Open sessions

BARNETT WEISS budweiss at verizon.net
Sat Jun 21 00:50:21 CDT 2008


Well well well, "Someone's gone and put orange juice in my orange juice." as the great W.C.  Fields used to say.  

I loved open public sessions and have conducted somewhere around 500 over the years beginning with a few at Beacon and of course for the year or so that I was in charge of 3 nights a week at the Moreno Theater in New York City in the late 60s. 
I remember Marsha or Hanna Saying that a couple came up to them after a particularly intense session and asked,"That was a wonderful show. Who does your costumes for you; they were so perfect for the play?" 

My point in that and I suppose either Marsha's or Hanna's was that the action was too real for these folks and so the way they took care of themselves was to deny that it was real. I was never really worried about what would take place on the stage with the protagonist or those chosen to participate from the audience as auxiliaries, it was the remaining audience about whom I was concerned. 
Having an assisting team made it so much easier and they were built out of the following I achieved over the first couple of months that I was running sessions. Also, I had superb support from Bonnie Weiss, my wife at the time who had seen and participated in so many psychodrama's prior to that time at Beacon and elsewhere with the Morenos. 

Dr and Zerka were found of saying that people are far tougher than we give them credit for. If you truly learn to follow the protagonist instead of pushing your own agenda, you will not harm them. That to me is the key and a huge part of becoming a recognized Director who can be trusted to handle open sessions. You have to learn how to get out of the way, trust the process and build safety in the space prior to the main action. 

Warm up is everything in terms of preparing the safe place for decent action to take place. In a real way, you have to let go of control while remaining in control. 

Something from the EST training has always remained with me regarding this and I think it really fits with psychodrama. It is a lot like skiing. To direct  effectively, you have to be in control out of control. The way you do that is having a sound foundation in the understanding of group dynamics, role theory and practice and sociometry that underlies it all. When you have really got that under your belt and you are observed both as an auxiliary and director in classes, after having spent a great deal of time watching a respected director, it becomes clear that you have got it. After a certain amount of time, you can be seen to really know how to take charge of any session. Taking notes while a session is going on conducted by a well respected director is also an important way for preparation and then presenting your notes afterwards to the director as to how you would have proceeded and why at each turn. 

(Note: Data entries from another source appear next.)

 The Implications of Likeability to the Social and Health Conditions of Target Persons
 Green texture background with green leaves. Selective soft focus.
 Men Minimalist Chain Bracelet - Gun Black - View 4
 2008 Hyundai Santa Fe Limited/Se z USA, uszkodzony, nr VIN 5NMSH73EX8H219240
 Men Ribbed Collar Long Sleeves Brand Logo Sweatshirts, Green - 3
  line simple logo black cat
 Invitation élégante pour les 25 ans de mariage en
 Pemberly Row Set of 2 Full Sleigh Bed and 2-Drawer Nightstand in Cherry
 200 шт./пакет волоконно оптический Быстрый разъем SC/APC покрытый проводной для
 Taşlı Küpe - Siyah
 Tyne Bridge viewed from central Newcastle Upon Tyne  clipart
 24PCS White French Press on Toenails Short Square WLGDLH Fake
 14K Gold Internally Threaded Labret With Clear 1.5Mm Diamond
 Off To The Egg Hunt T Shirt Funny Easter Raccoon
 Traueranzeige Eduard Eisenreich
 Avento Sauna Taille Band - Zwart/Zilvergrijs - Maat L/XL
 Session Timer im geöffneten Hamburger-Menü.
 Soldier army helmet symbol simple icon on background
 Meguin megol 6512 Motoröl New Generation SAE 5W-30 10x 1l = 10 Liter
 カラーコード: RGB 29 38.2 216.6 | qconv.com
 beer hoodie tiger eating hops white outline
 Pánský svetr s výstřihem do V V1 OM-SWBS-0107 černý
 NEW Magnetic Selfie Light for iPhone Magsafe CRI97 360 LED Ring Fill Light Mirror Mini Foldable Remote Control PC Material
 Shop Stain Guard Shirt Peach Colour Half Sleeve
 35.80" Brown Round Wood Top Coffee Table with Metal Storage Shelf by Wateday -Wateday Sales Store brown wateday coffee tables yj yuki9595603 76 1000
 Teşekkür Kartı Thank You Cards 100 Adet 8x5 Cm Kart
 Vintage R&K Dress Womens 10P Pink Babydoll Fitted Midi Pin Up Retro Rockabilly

There were times none the less for me in public sessions when I dreaded going in there and getting it on. My greatest fear was not someone being out of control or harming themselves. My greatest fear was that the session would be boring and so would be a disservice to the protagonist as well as to those who came to see the work. This is where an assistant director who you can trust is so important in a public session especially as far as I am concerned particularly when you have only a few dozen sessions under your belt as a director.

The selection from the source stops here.